However, absent any strong desire to write your own operating system, Rust still is an interesting language to explore, largely by virtue of its approach to raw pointer semantics - because Rust doesn't run with a garbage collector, memory ownership semantics take a front seat in the language, just as they do with C or C++. However, Rust doesn't require explicit release calls (such as free or delete from C or C++), and instead uses a clever combination of syntax and semantics to allow the compiler to enforce safety without compromising speed (or relying upon a runtime, which would also potentially hurt its speed).

Enough chit-chat; let's get Rusty.

Installing

Getting Rust onto your system is pretty trivial; being a system language, Rust consists principally of a compiler (along with a build system, which you'll see shortly) and standard library system, and no other runtime footprint. This means that Rust applications, once built, are specific to the platform on which they were compiled, similar to C/C++ or other natively-compiled programs. Obtaining the compiler is a simple matter of wandering on over to the Rust website (https://www.rust-lang.org) and clicking the Install button - it uses browser magic to decide what system you're on, and sends the appropriate download your way. Barring that, go to https://www.rust-lang.org/downloads.html and choose the appropriate one for the platform on which the Rust toolchain will be built.

For Windows, Rust offers two installers; one designed to work with the GNU GCC toolchain on Windows (MSYS, to be specific), and one designed to work with Visual Studio. Given that many CODE readers already have Visual Studio installed, that's probably the better choice most of the time.

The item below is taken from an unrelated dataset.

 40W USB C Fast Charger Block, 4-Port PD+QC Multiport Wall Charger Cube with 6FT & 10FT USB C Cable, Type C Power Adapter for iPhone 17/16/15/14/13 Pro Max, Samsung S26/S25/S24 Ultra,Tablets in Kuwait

Once installed, check to see that the Rust toolchain is on the PATH by running the Rust compiler, rustc, with its version flag, like this:

rustc --version

At this point, the compiler will respond (very quickly!) with its current version number; as of May 26, 2016, that version is 1.9.0. Now you have Rust on your system, you've run rustc for the last time, and you're ready to go with the world's simplest Rust program.

Hello, Rust

That last sentence may have come across a little confusing - a compiled language like Rust should be calling the compiler all the time, so… what gives? Idiomatically, the designers of Rust decided that the build and package system would be a part of the standard toolchain, rather than a separate entity, so right from the beginning, Rust programmers are taught to make use of cargo, the Rust packaging and build system. It's what's used to create a Rust project, build it, and even run it during development.

Right from the beginning, Rust programmers are taught to make use of cargo, the Rust packaging and build system.

Thus, since every new language requires programmers to write the usual homage to Kernighan and Pike's “Hello World” program, use the build system to create a new Rust application called “hello_world” by using Cargo to create the project directory structure and configuration files. This is done with:

cargo new hello_world --bin

This creates a new subdirectory called “hello_world”, and inside of it, generates a Rust project designed to compile into an executable file. (Leaving off the “–bin” flag causes Cargo to create a library project, which generates a DLL on Windows or a static-link library on MacOS or Linux.)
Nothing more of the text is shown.